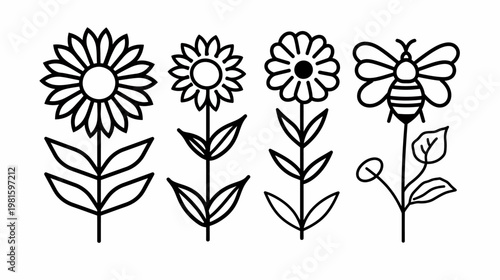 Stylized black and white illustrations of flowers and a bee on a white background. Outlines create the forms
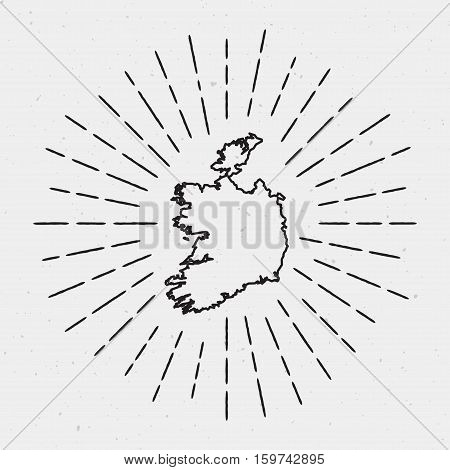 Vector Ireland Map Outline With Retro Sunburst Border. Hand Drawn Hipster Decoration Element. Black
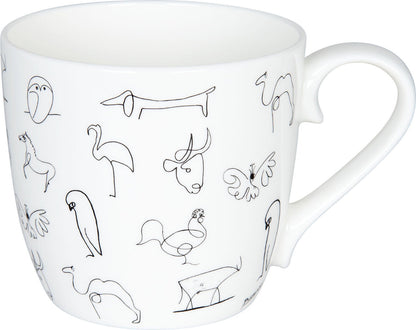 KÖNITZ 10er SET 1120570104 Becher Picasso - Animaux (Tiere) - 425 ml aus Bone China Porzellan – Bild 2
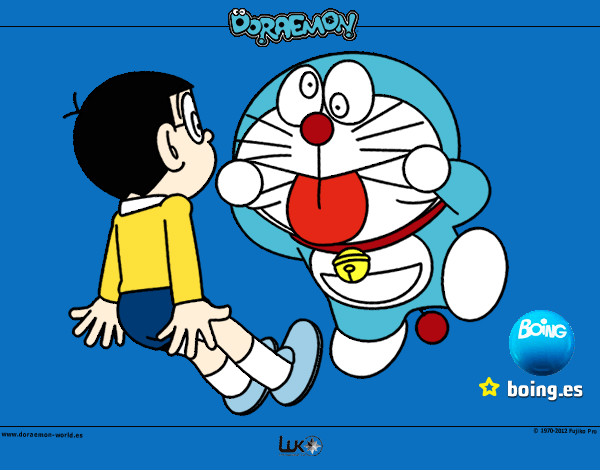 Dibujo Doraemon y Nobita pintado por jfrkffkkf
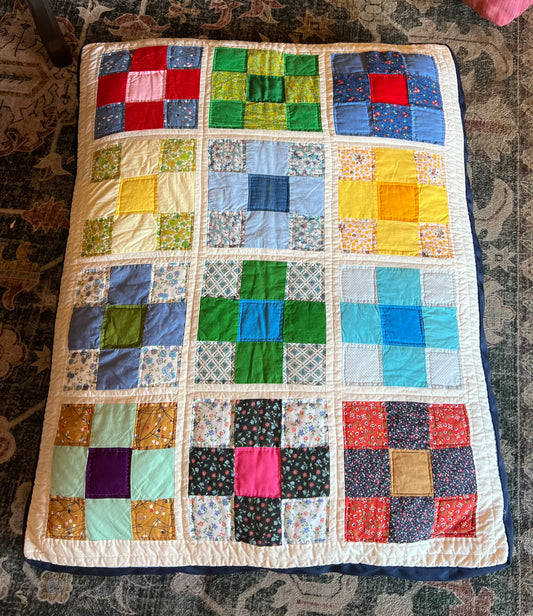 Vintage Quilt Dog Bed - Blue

TO DO:
Copy the data word for word, no pictures.

TASK RESPONSE:
 Stylized black and white illustrations of flowers and a bee on a white background. Outlines create the forms
 Vector Ireland Map Outline With Retro Sunburst Border. Hand Drawn Hipster Decoration Element. Black
 KÖNITZ 10er SET 1120570104 Becher Picasso - Animaux (Tiere) - 425 ml aus Bone China Porzellan – Bild 2
 Dibujo Doraemon y Nobita pintado por jfrkffkkf
 Vintage Quilt Dog Bed - Blue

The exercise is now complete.